In this issue of the Journal of Hospital Medicine, Conway et al.7 performed a retrospective analysis applying interrupted times series models to measure the impact of passive cost display on the ordering frequency of 9 high-cost intravenous (IV) or inhaled medications that were identified as likely overused. For 7 of the IV medications, lower-cost oral alternatives were available; 2 study medications had no clear therapeutic alternatives. It was expected that lower-cost oral alternatives would have a concomitant increase in ordering rate as the order rate of the study medications decreased (eg, oral linezolid use would increase as IV linezolid use decreased). Order rate was the primary outcome, reported each week as treatment orders per 10,000 patient days, and was compared for both the pre- and postimplementation time periods. The particular methodology of segmented regressions allowed the research team to control for preintervention trends in medication ordering, as well as to analyze both immediate and delayed effects of the cost-display intervention. The research team framed the cost display as a passive approach. The intervention displayed average wholesale cost data and lower-cost oral alternatives on the ordering screen, which did not significantly reduce the ordering rate. Over the course of the study, outside influences led to 2 more active approaches to higher-cost medications, and Conway et al. wisely measured their effect as well. Specifically, the IV pantoprazole ordering rate decreased after restrictions secondary to a national medication shortage, and the oral voriconazole ordering rate decreased following an oncology order set change from oral voriconazole to oral posaconazole. These ordering-rate decreases were not temporally related to the implementation of the cost display intervention.

It is important to note several limitations of this study, some of which the authors discuss in the manuscript. Because 2 of the medications studied (eculizumab and calcitonin) do not have direct therapeutic alternatives, it is not surprising that price display alone would have no effect. The ordering providers who received this cost information had a more complex decision to make than they would in a scenario with a lower-cost alternative, essentially requiring them to ask “Does this patient need this class of medications at all?” rather than simply, “Is a lower-cost alternative appropriate?” Similarly, choosing medication alternatives that would require different routes of administration (ie, IV and oral) may have limited the effectiveness of a price intervention, given that factors such as illness severity also may influence the decision between IV and oral agents. Thus, the lack of an effect for the price display intervention for these specific medications may not be generalizable to all other medication decisions.
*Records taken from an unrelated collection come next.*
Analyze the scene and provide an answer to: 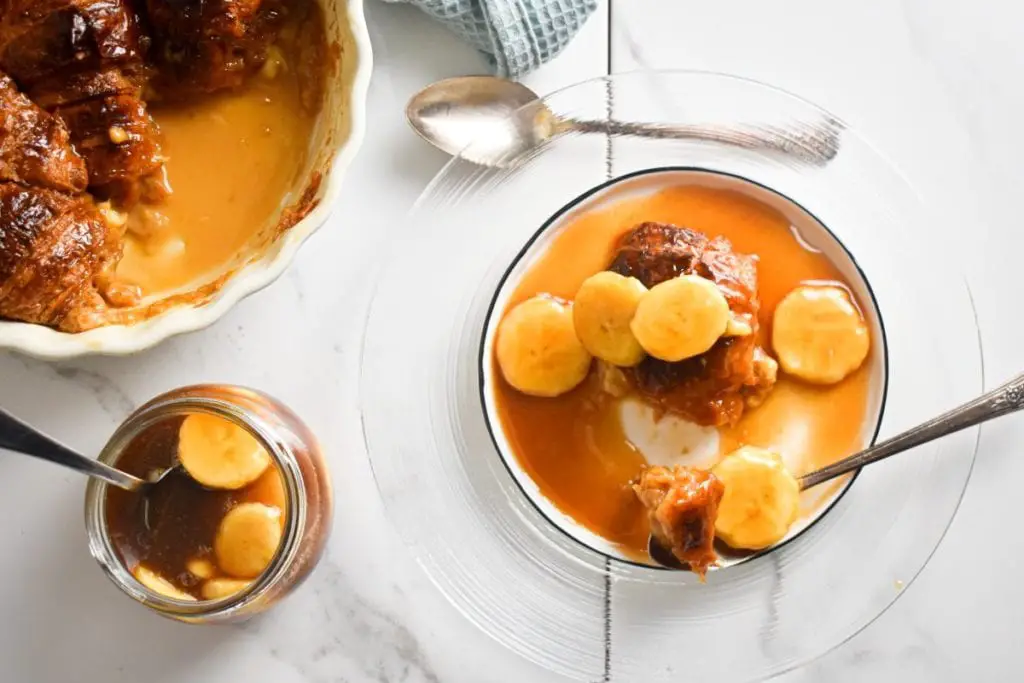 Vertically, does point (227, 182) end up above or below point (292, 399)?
above

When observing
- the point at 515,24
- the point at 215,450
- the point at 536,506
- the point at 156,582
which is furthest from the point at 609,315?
the point at 156,582

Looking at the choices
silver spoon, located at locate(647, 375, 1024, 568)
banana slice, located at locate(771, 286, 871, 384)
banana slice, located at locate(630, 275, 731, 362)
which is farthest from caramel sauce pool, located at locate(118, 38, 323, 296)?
silver spoon, located at locate(647, 375, 1024, 568)

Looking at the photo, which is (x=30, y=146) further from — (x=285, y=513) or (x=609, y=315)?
(x=609, y=315)

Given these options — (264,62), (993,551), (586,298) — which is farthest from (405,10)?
(993,551)

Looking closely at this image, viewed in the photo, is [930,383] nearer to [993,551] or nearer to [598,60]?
[993,551]

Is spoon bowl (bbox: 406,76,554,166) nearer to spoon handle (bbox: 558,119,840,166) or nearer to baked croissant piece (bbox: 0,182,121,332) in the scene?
spoon handle (bbox: 558,119,840,166)

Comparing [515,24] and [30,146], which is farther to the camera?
[515,24] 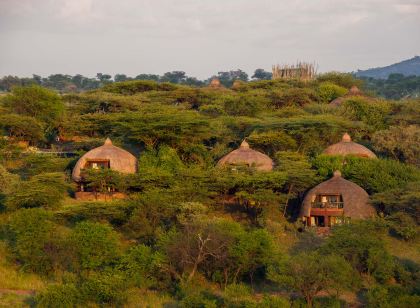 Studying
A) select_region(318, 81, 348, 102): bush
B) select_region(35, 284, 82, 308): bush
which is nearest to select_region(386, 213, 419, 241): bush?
select_region(35, 284, 82, 308): bush

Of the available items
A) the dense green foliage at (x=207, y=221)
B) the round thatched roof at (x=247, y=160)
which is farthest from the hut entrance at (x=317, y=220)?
the round thatched roof at (x=247, y=160)

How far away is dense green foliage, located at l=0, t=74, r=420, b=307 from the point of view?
2288cm

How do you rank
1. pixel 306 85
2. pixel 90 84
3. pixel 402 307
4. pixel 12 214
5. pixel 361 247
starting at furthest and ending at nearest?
pixel 90 84
pixel 306 85
pixel 12 214
pixel 361 247
pixel 402 307

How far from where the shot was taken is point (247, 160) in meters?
31.3

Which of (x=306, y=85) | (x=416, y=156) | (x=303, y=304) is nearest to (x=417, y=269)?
(x=303, y=304)

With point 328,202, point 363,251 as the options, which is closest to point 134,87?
point 328,202

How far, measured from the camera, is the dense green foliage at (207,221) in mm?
22875

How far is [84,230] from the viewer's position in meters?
25.0

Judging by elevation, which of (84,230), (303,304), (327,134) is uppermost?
(327,134)

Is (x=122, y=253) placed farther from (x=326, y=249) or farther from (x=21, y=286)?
(x=326, y=249)

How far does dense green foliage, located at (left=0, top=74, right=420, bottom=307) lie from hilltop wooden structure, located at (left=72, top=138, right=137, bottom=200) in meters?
0.45

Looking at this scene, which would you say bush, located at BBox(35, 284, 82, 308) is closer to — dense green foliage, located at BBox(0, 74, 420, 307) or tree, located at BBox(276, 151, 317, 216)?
dense green foliage, located at BBox(0, 74, 420, 307)

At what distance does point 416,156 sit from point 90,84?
3712 inches

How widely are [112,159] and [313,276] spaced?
38.4 feet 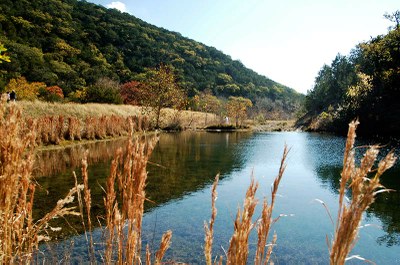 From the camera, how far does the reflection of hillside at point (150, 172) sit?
755cm

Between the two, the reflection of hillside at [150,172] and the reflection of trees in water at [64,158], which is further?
the reflection of trees in water at [64,158]

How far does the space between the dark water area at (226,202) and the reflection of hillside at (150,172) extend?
0.07 ft

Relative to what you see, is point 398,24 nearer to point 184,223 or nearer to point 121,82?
point 184,223

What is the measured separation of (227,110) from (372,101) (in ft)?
62.4

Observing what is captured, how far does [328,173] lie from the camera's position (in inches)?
463

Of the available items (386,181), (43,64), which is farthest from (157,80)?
(386,181)

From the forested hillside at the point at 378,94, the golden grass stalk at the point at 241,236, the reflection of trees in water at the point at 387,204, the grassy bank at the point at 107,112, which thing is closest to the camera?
the golden grass stalk at the point at 241,236

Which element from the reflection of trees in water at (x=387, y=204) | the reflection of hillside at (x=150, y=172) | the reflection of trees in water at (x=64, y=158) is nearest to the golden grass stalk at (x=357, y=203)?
the reflection of hillside at (x=150, y=172)

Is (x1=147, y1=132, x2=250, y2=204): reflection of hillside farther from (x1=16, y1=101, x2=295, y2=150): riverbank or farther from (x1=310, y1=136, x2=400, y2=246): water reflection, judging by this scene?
(x1=310, y1=136, x2=400, y2=246): water reflection

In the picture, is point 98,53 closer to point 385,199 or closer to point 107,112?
point 107,112

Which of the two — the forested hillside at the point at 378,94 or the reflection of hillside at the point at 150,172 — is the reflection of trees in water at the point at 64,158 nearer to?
the reflection of hillside at the point at 150,172

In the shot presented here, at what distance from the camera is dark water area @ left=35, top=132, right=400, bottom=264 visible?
519cm

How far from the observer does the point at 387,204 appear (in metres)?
7.86

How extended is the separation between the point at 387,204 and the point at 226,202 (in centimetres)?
390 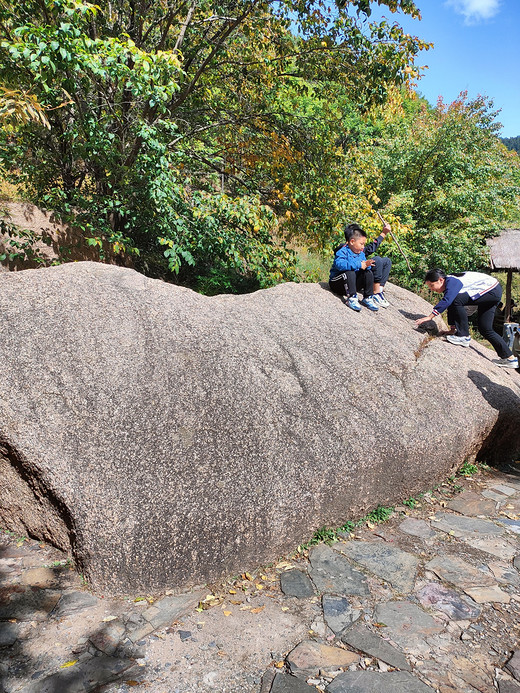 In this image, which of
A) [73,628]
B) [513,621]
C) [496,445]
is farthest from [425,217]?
[73,628]

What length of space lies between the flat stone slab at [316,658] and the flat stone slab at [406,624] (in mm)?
288

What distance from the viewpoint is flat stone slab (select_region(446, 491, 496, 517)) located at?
4.30 meters

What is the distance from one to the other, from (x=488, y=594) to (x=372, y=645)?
37.5 inches

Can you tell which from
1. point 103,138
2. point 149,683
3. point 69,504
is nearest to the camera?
point 149,683

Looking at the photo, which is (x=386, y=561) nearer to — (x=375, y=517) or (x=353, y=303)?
(x=375, y=517)

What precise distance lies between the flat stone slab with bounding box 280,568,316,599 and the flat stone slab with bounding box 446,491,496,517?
5.72ft

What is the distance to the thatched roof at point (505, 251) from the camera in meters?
14.2

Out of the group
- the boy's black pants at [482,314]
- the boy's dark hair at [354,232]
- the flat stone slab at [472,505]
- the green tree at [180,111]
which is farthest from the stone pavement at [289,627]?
the green tree at [180,111]

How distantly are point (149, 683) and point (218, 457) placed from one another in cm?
131

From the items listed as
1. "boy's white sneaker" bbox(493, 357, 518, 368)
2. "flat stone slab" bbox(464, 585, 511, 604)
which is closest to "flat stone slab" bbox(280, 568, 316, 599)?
"flat stone slab" bbox(464, 585, 511, 604)

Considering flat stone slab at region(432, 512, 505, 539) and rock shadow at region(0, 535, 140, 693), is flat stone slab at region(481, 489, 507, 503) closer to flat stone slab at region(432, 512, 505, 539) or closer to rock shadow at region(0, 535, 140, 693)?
flat stone slab at region(432, 512, 505, 539)

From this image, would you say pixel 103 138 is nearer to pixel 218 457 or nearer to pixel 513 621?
pixel 218 457

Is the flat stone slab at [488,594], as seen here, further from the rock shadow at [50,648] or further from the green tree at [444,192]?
the green tree at [444,192]

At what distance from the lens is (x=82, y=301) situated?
13.3 ft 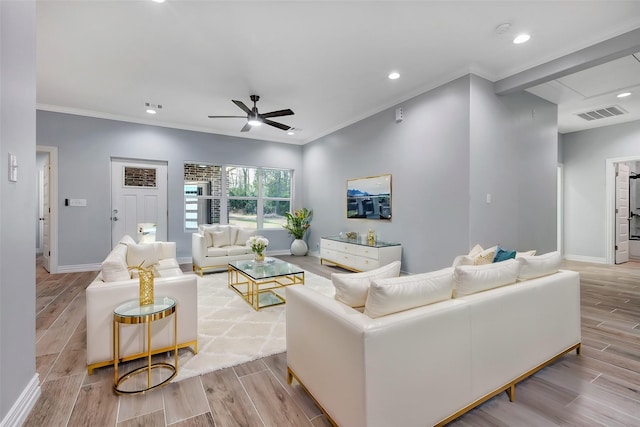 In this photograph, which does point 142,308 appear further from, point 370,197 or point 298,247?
point 298,247

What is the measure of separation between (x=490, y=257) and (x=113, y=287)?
118 inches

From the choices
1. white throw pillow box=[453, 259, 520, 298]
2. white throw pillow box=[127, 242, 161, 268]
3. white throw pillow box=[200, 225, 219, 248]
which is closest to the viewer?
white throw pillow box=[453, 259, 520, 298]

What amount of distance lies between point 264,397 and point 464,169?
11.2 feet

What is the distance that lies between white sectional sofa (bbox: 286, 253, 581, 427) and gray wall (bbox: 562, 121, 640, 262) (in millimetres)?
5814

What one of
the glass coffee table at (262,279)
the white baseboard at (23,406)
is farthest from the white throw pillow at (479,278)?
the white baseboard at (23,406)

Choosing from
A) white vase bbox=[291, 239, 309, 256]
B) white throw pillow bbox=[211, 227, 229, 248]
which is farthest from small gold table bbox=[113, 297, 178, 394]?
white vase bbox=[291, 239, 309, 256]

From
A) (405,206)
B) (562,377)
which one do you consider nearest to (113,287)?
(562,377)

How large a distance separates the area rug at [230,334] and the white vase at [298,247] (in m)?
3.00

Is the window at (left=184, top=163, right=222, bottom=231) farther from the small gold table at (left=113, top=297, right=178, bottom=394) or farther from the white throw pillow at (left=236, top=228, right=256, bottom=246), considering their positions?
the small gold table at (left=113, top=297, right=178, bottom=394)

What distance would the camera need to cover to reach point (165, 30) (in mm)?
2902

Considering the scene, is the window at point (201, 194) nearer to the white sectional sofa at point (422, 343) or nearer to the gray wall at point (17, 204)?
the gray wall at point (17, 204)

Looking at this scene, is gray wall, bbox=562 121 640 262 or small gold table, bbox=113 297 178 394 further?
gray wall, bbox=562 121 640 262

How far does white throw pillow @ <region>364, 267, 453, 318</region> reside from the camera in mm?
1395

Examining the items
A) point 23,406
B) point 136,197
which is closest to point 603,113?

Additionally, this manuscript offers limited data on the context in which the intervention was implemented and what adaptations, if any, were made based on early findings. The results may have varied greatly based on the visual design and how the cost display was presented within the electronic medical record. The wider organizational context may also have affected the intervention’s impact. A cost-display intervention appearing in isolation could understandably have a different impact, compared with an intervention within the context of a broader cost/value curriculum directed at house staff and faculty.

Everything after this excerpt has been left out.